Exact copy, no pictures: reproduce every record below as it stands.

Start of Input material

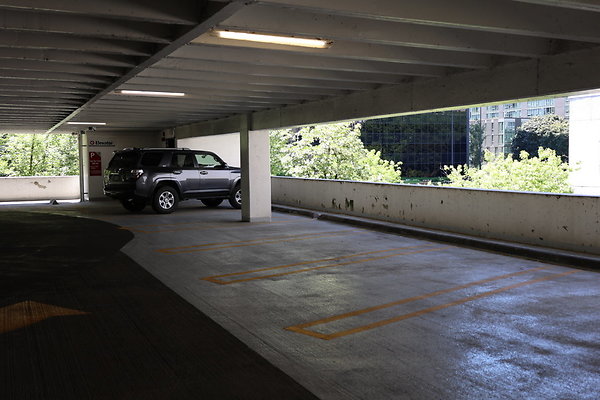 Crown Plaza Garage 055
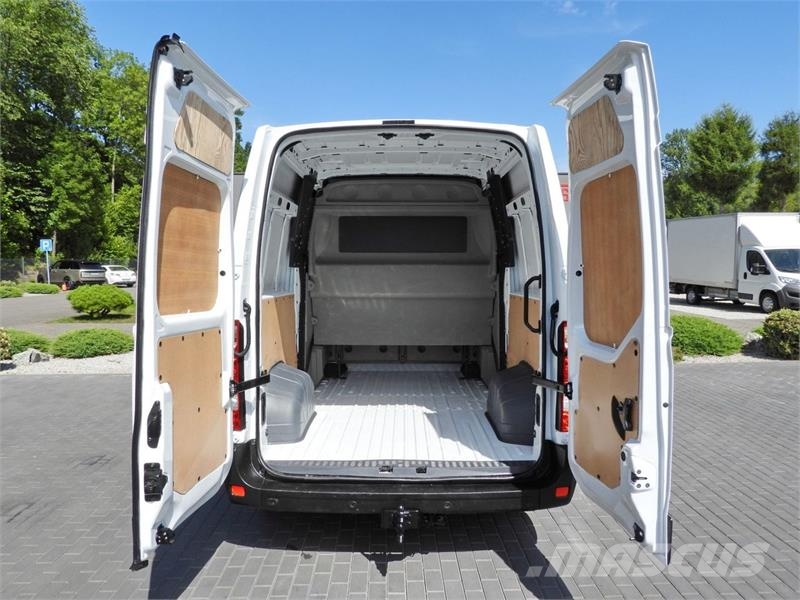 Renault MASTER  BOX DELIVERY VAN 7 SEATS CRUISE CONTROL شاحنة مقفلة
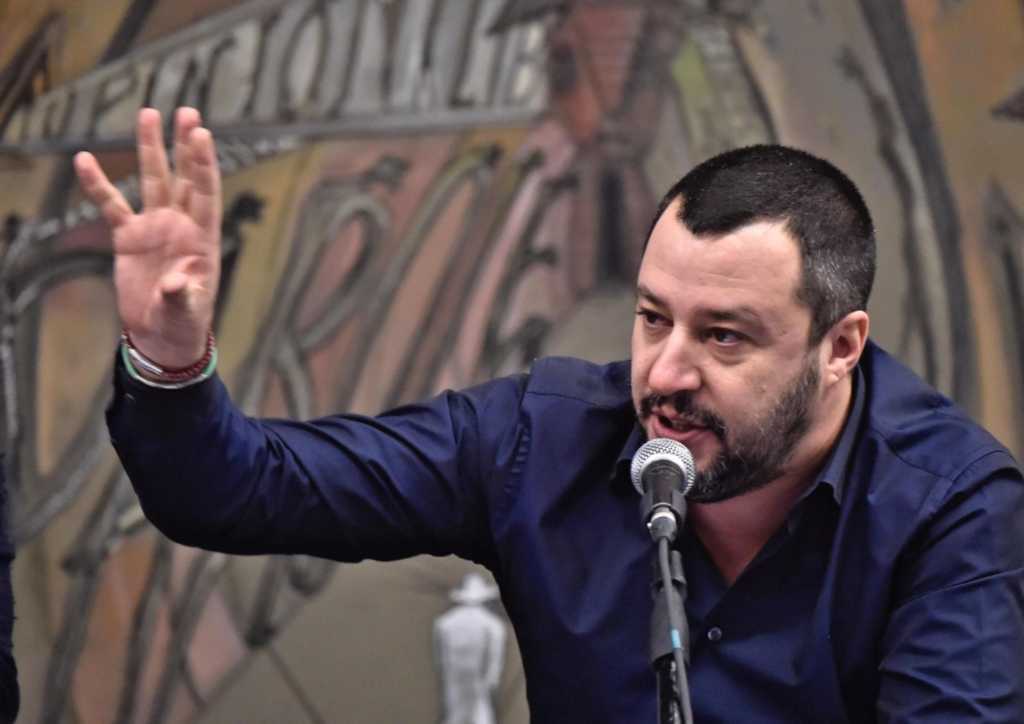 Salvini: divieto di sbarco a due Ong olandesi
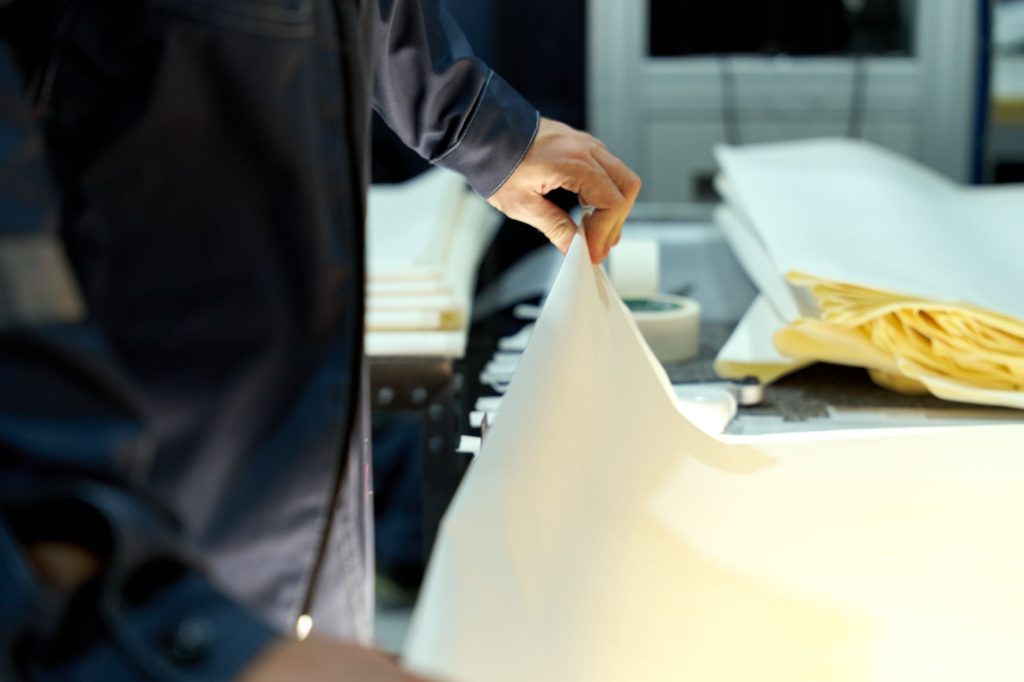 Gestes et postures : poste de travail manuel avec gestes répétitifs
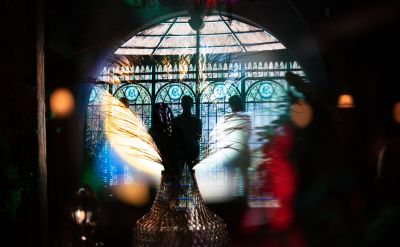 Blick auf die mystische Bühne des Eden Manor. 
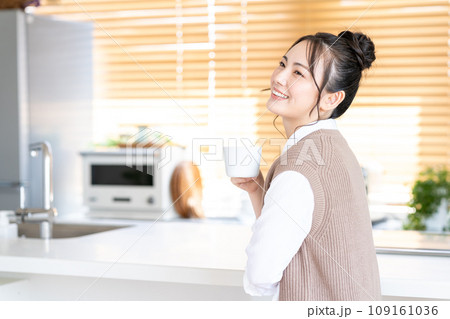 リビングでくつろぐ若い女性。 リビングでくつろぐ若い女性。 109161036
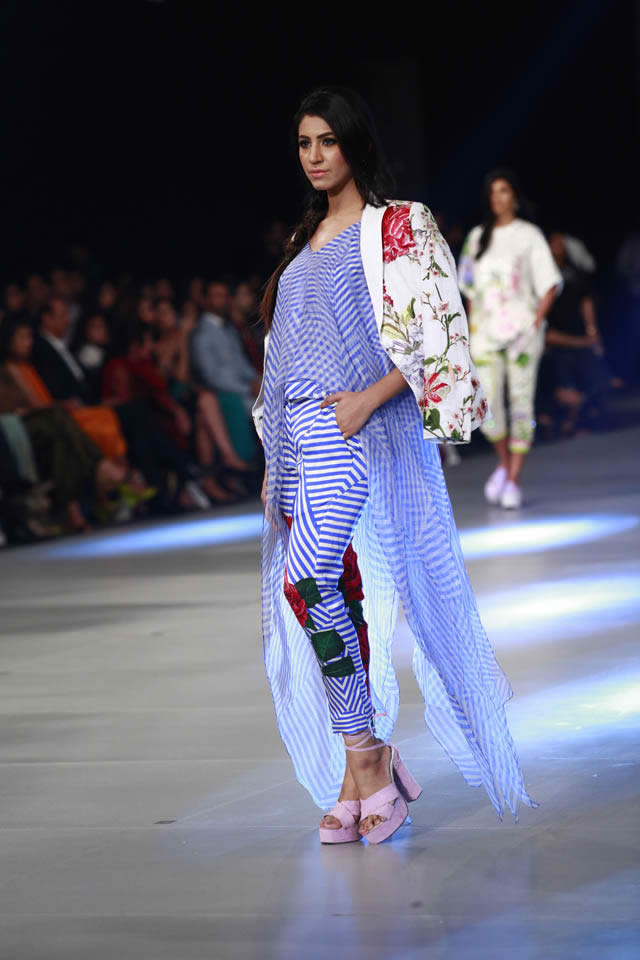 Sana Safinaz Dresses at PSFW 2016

End of Input material

Response to this exercise:
 Crown Plaza Garage 055
 Renault MASTER  BOX DELIVERY VAN 7 SEATS CRUISE CONTROL شاحنة مقفلة
 Salvini: divieto di sbarco a due Ong olandesi
 Gestes et postures : poste de travail manuel avec gestes répétitifs
 Blick auf die mystische Bühne des Eden Manor. 
 リビングでくつろぐ若い女性。 リビングでくつろぐ若い女性。 109161036
 Sana Safinaz Dresses at PSFW 2016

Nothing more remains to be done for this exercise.